Boyda: Stamp Out Shoe Tariff

Nearly all shoes sold in the United States, 99%, come from overseas, making a shoe tariff, as high as 67.5%, nearly unavoidable, according to Rep. Nancy Boyda (2nd dist.).

The duties collected from the shoe tariff adds 1.9 billion dollars to government coffers, but is then passed on to the consumer "to the tune of for to five-billion dollars every year," said the Congresswoman.

To help ease the burden on working families, Rep. Boyda has joined with Rep. Joseph Crowley (R-New York) and Kevin Brady (R-Texas) to sponsor the Affordable Footwear Act (HR3934/ S2372), abolishing the tariff.

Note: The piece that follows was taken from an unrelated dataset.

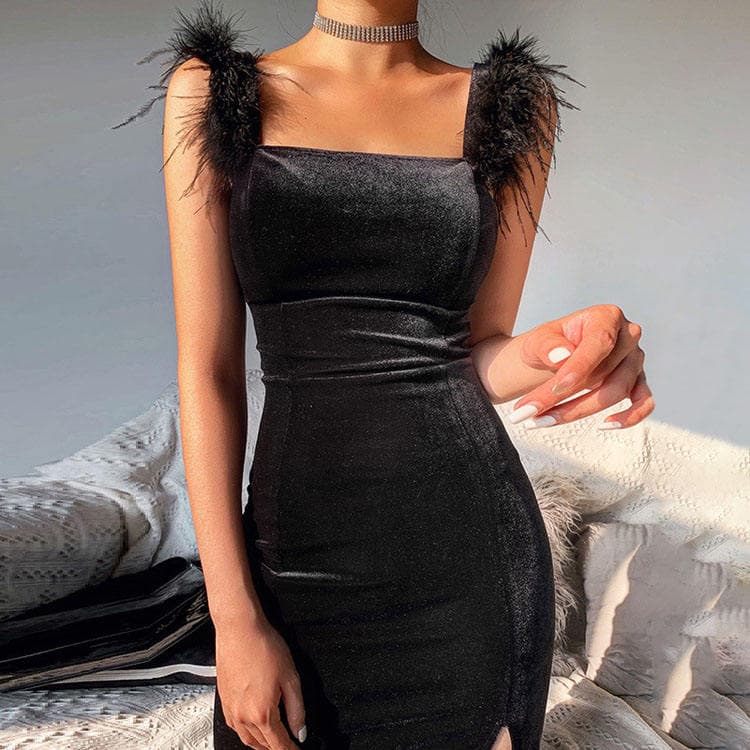 2023 New Arrive Elegant Dress Feather Off Shoulder Ladies Party Dress Velvet Slit Midi Dress Bodycon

Boyda's office cites the support of U.S. shoemakers such as Matt Rubel, CEO and president of Collective Brands, Inc. parent company of Payless ShoeSource and The Stride Rite Corporation, "The tax is outdated, enacted in the 1930s and designed to protect U.S. footwear manufacturing that hasn't been present for decades, and is regressive with higher taxes on less expensive shoes."

The Affordable Footwear Act has been advocated by the Progressive Policy Institute and the Heritage Foundation, providing briefings for Congress as well as a policy paper. Introduced otriginally by Rep. Crowley, it currently has 59 co-sponsors.